— WORK TASK —
Each line from the one with "Escherichia coli (Гр. - )" through the last line below must be written out exactly. Do not copy pictures.
[DATA FOR THIS EXERCISE]
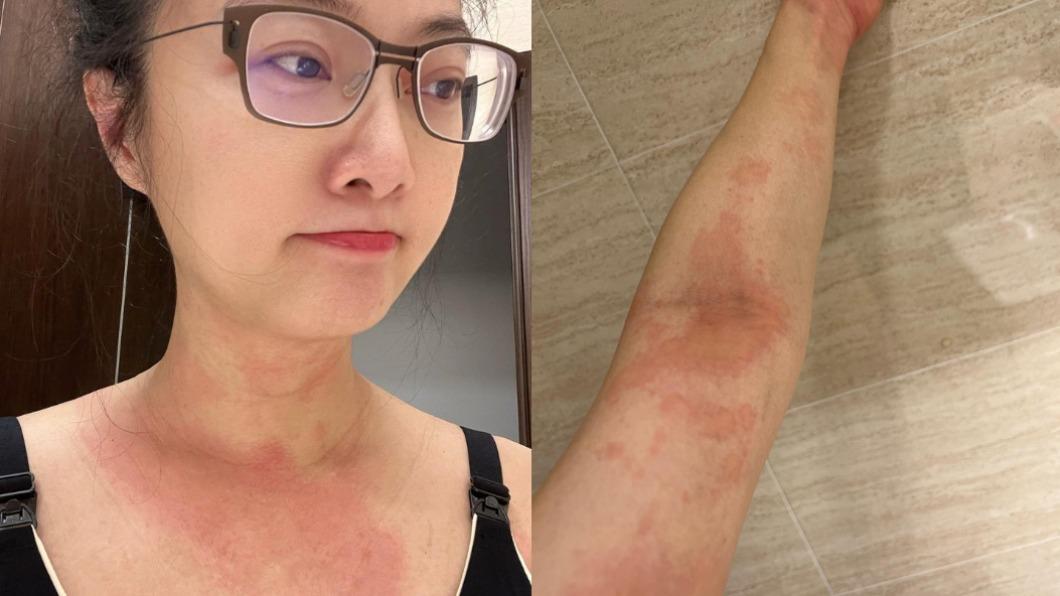 愛女才滿2個月!趙小僑「全身奇癢+發燙」苦嘆:又來了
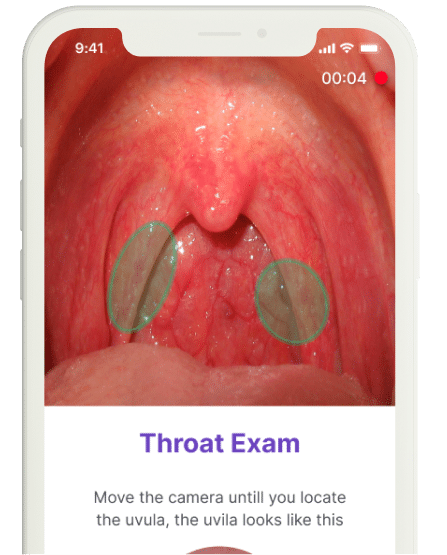 throat exam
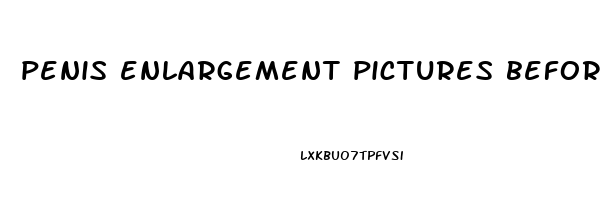 penis enlargement pictures before and after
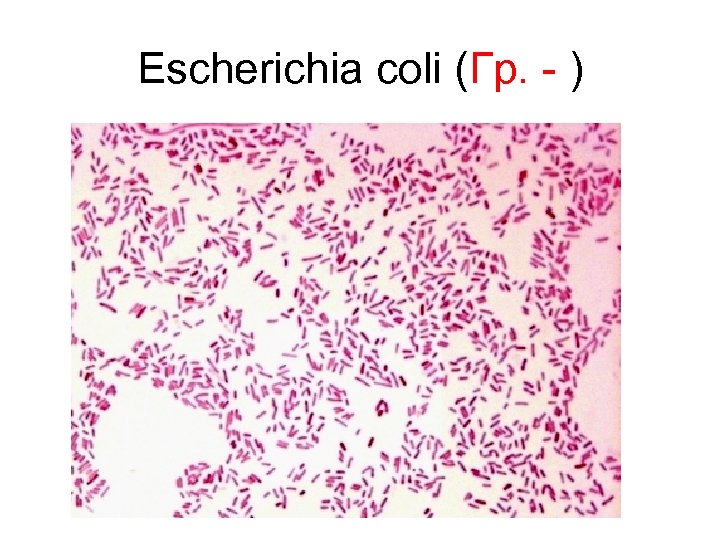 Escherichia coli (Гр. - ) 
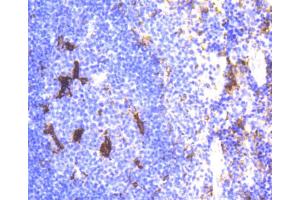 Immunohistochemistry of paraffin-embedded mouse spleen using LYZ antibody. (LYZ antibody)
[/DATA FOR THIS EXERCISE]
— WRITTEN RESPONSE —
 Escherichia coli (Гр. - ) 
 Immunohistochemistry of paraffin-embedded mouse spleen using LYZ antibody. (LYZ antibody)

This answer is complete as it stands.